And now a bit of history. First of all, you should know that the popes didn't always live in the Vatican: for many centuries their residence was the palace next to the Archbasilica of St. John Lateran. In the 1300s, the papal headquarters were temporarily transferred to Avignon, in Southern France. Once they returned to Rome, Pope Gregory XI decided to move the pope's living quarters from St. John Lateran to the Vatican on the other side of the Tiber River. The papal palace was quite simple at that time, in a less populated area, but it had the advantage of being protected by the ancient city walls.

Thanks to Pope Nicholas V and in preparation for the Jubilee of 1450, the Vatican Palace started to become a reference point for architects and artists. A precious record from this period is the chapel frescoed by Fra Angelico in the immediate vicinity of the Raphael Rooms. 25 years later, the Apostolic Library (which was renovated and enlarged at the end of the 16th century) and the Sistine Chapel were built: from that point on, the Vatican construction site became the most important center of Renaissance art. The popes of these years competed to decorate it: Alexander VI had frescoes painted in his apartment by Pinturicchio (whose halls host the collection of modern religious art today, included at the behest of Paul VI), Pope Julius II entrusted the palaces' general refurbishment to Bramante with the Cortile del Belvedere, the great niche in the Cortile della Pigna, and the Cortile di San Damaso, and Leo X had the third courtyard frescoed by Raphael.

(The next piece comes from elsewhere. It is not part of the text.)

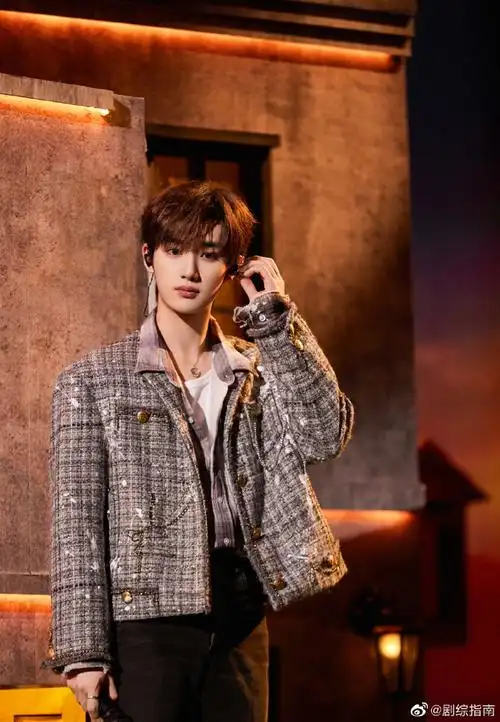 丁程鑫你好星期六小香风造型##丁程鑫白西装造型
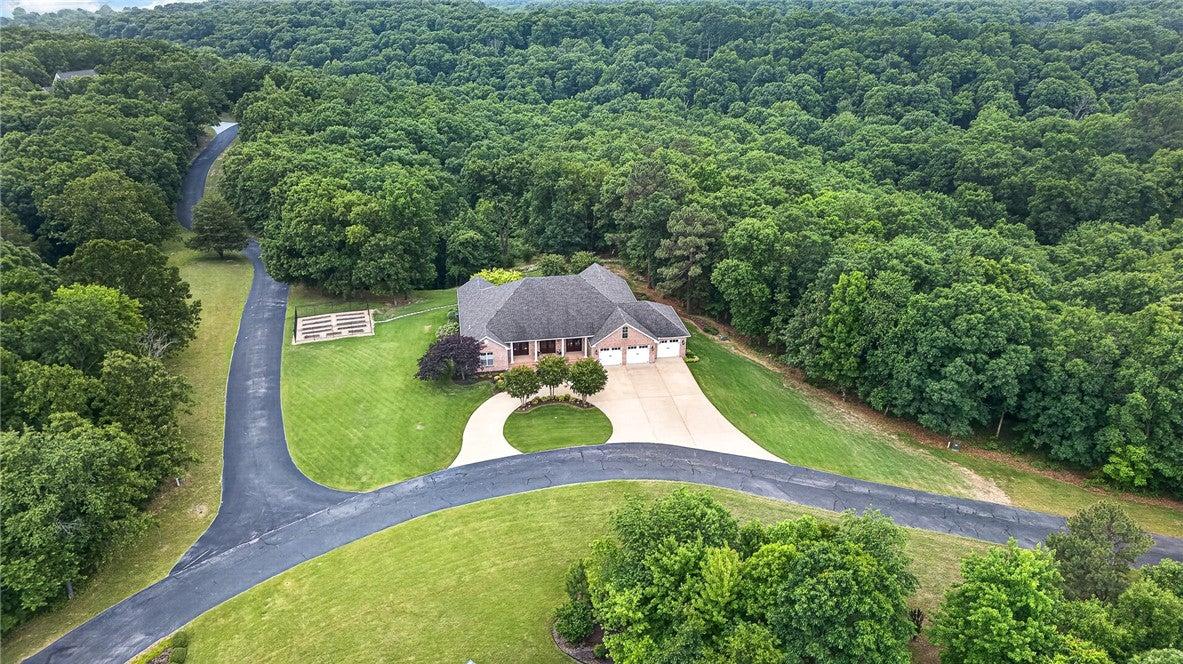 Abberley Ln, Siloam Springs, AR 72761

And that's not all: Pope Paul III had the Pauline Chapel added, which was frescoed by Michelangelo, and in the mid-1600s Bernini designed the new Library and Scala Regia, the monumental staircase connecting the atrium of St. Peter's Basilica to the Vatican Palaces.

Starting in the late 1700s, the papal palaces were gradually transformed into a museum. The first collections were mainly devoted to archaeology and they were (and mostly still are) named after the pope who established them. In many cases, the popes issued edicts and measures to protect artistic heritage, significantly before any other nation in the world did so.


FUN FACT: in 1938 Adolf Hitler visited Rome and was hosted by the King and Mussolini. Pope Pius XI did not want to welcome him, and to avoid doing so he left for Castel Gandolfo. But above all, and unprecedented, he closed the museum and basilica to all visitors. Thus Hitler couldn't even set foot in the Vatican.